Geometric Interpretation of Schwarzschild Instantons

TL;DR

This paper constructs and analyzes non-topological Abelian instantons with finite energy on the Euclidean Schwarzschild manifold, linking them to known SU(2)-instantons and calculating the harmonic space structure.

Contribution

It introduces a new non-topological L^2 harmonic 2-form on the Euclidean Schwarzschild manifold and relates it to existing SU(2)-instantons, expanding understanding of instanton solutions.

Findings

Found a non-topological self-dual L^2 harmonic 2-form on the Euclidean Schwarzschild manifold.

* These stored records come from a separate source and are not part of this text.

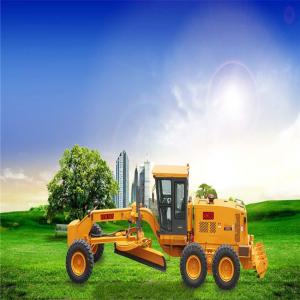 China ISO Approved 125KW Mini Motor Grader For Road Construction on sale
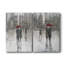 Rain in The City I - Toile tendue avec châssis de qualité supérieure - Prêt à accrocher-440275141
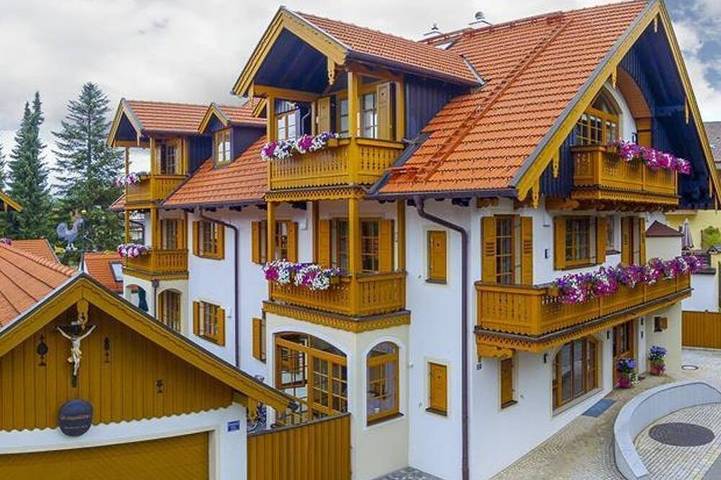 Ferienwohnung für 2 Personen, mit Sauna und Garten in Bad Tölz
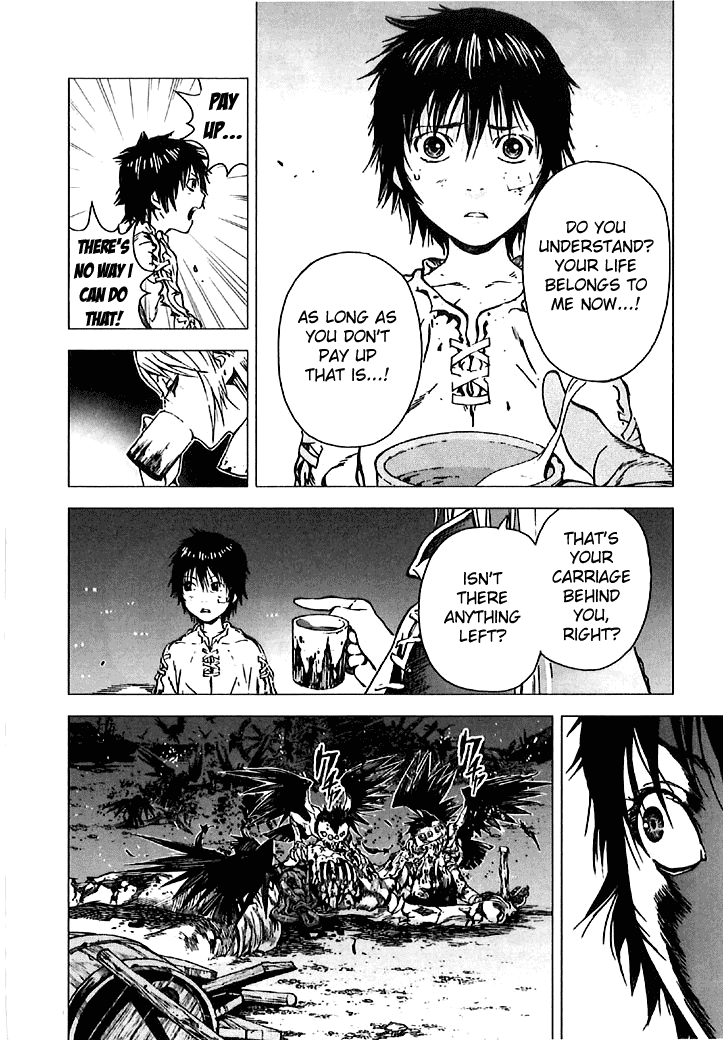Kiba no Tabishounin - The Arms Peddler Chapter 1 page 23 - Chapter 1: Travelling Arms Dealer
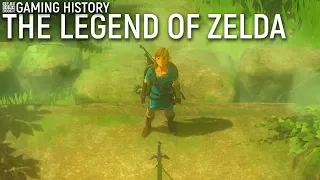 Gaming History : The Legend Of Zelda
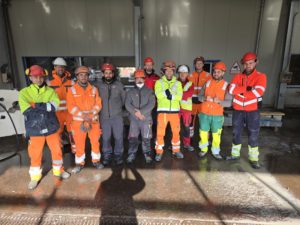 Kernbohrkurs vom 12.– 14.02.2025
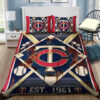 Minnesota Twins B300939 Bedding Set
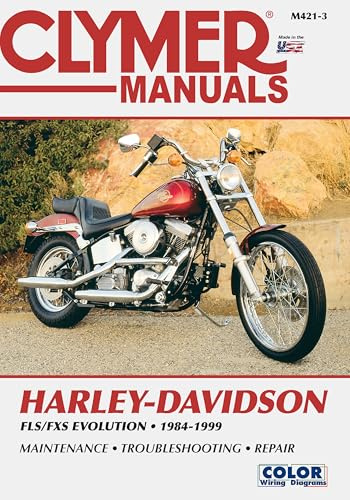 Harley-Davidson FLS-FXS Evolution, Evo Softail, Fat Boy (1984-1999) Service Repair Manual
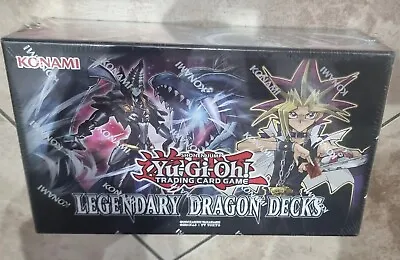 YuGiOh! Legendary Dragon Decks 1st Edition Sealed • £70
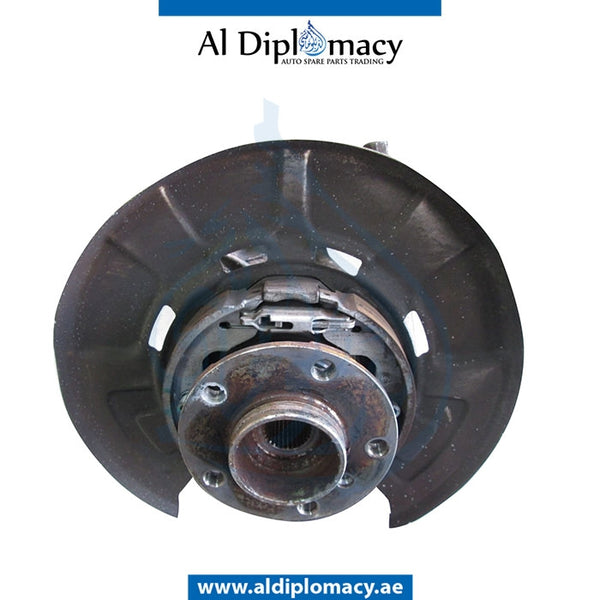 Rear Right STEERING Knuckle, EMPTY for BMW X5 Series E70 (2006-2013) models, Part Number UN-33326770982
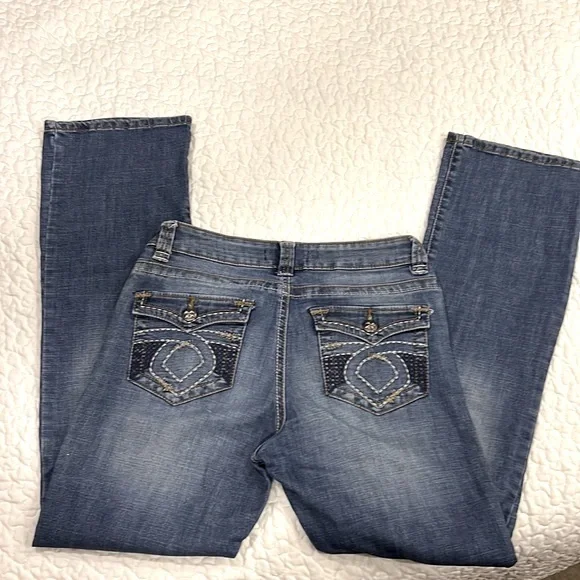 Lee Platinum label mid-rise boot cut jeans 8 med - Picture 3 of 7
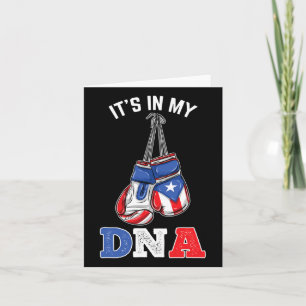 Das Boxen in meinem DNA-Puerto-Rico Karte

Identified these forms with SU(2)-instantons of Pontryagin number 2n^2.

Calculated the full L^2 harmonic space for the manifold.

Abstract

In this note we address the problem of finding Abelian instantons of finite energy on the Euclidean Schwarzschild manifold. This amounts to construct self-dual L^2 harmonic 2-forms on the space. Gibbons found a non-topological L^2 harmonic form in the Taub-NUT metric, leading to Abelian instantons with continuous energy. We imitate his construction in the case of the Euclidean Schwarzschild manifold and find a non-topological self-dual L^2 harmonic 2-form on it. We show how this gives rise to Abelian instantons and identify them with SU(2)-instantons of Pontryagin number 2n^2 found by Charap and Duff in 1977. Using results of Dodziuk and Hitchin we also calculate the full L^2 harmonic space for the Euclidean Schwarzschild manifold.